We’ve written about our Diversity & Inclusion (D&I) Council here before, and we have shared with you a fraction of the work the Council and the LA Studio as a whole have engaged in as part of “Thinkwell 3.0”. Now, a few months into 2022, it’s time to take a closer look at our progress to date and plans for the future.

Thinkwell’s D&I Council is empowered to engage in three important types of work: 1) assessment, 2) identification, and 3) program development and implementation. 

The first round of assessment and identification led the Council to group issues into four categories where we could really begin our work:

  1. Recruitment and hiring
  2. Internal culture and professional development
  3. How we work and what we make 
  4. Industry pipelines

From this list, the Council was able to research best practices and begin programming for Thinkwell’s teams.

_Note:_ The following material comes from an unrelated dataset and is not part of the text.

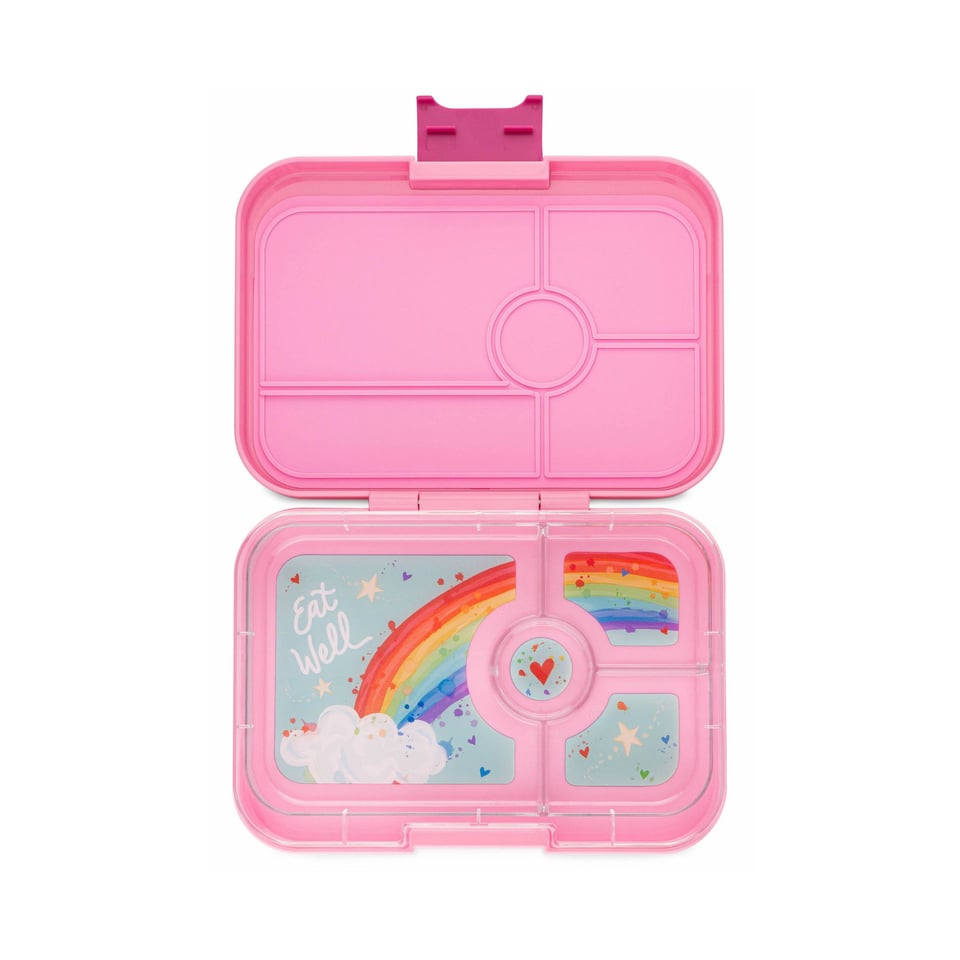 Yumbox Tapas XL 4 Vakken Capri Pink / Rainbow - Roze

Now, with the benefit of hindsight, the amount of work the Council has achieved and the way we’ve set the stage for even more impactful efforts in the future is impressive. We want to highlight some of the Council’s initiatives across the four categories above…. And these are just a few of the efforts they’ve championed:

Recruitment and Hiring

  • Training for key Thinkwellians in anti-racist recruitment, hiring, and retention practices.
  • Shifting our recruiting practice to focus on relationship building with a broader pool of schools and professional organizations that are diverse along a number of metrics.
  • Reducing or eliminating education requirements and increased options for related experience in job postings to reduce barriers.
  • Developed and deployed new tools and processes in our portfolio review system to reduce bias .

Internal Culture

  • Revised the Vision, Mission, and Values, heavily shaped by workshops with the council.
  • Launching a new segment in the Weekly All-Staff, to help engage and inform.
  • Rolling out a Salon series soon, with subject matter experts leading discussion on a variety of IDEA (Inclusion, Diversity, Equity, Access) topics and their specific relevance to our industry.
  • Implemented feedback training for all LA employees as part of Thinkwell 3.0.

How We Work

  • Revising the employee handbook, with all policies being reviewed for bias and inequity.
  • Developed and deployed resources on culturally sensitive and inclusive art.
  • Increased and streamlined employee surveying and transparently reporting out results.
  • Overhauling our job descriptions.

The Industry at Large

  • Expanded our relationship with LA High School of the Arts with internships and scholarship opportunities.
  • Partnered with Ruh Global and Billion Strong, groups focused on disability inclusion across industries, to leverage our expertise to amplify their message and expand impact
  • Shared our findings and our efforts with other companies in the industry as they launched their own D&I Councils and initiatives.

It has taken the better part of a year and a half of intensive research, listening, and ideation to identify these, and many more, efforts. Now the hard work truly begins. Thinkwellians – not just D&I Council members – will help advance these and other efforts. This year will see not only the Salon and scholarship program launches, but also D&I field trips, improved processes for content review, new curriculum partnerships with universities, and continued assessment. Inclusion, diversity, equity, and access is philosophy and practice. We’re dedicated to the ongoing work.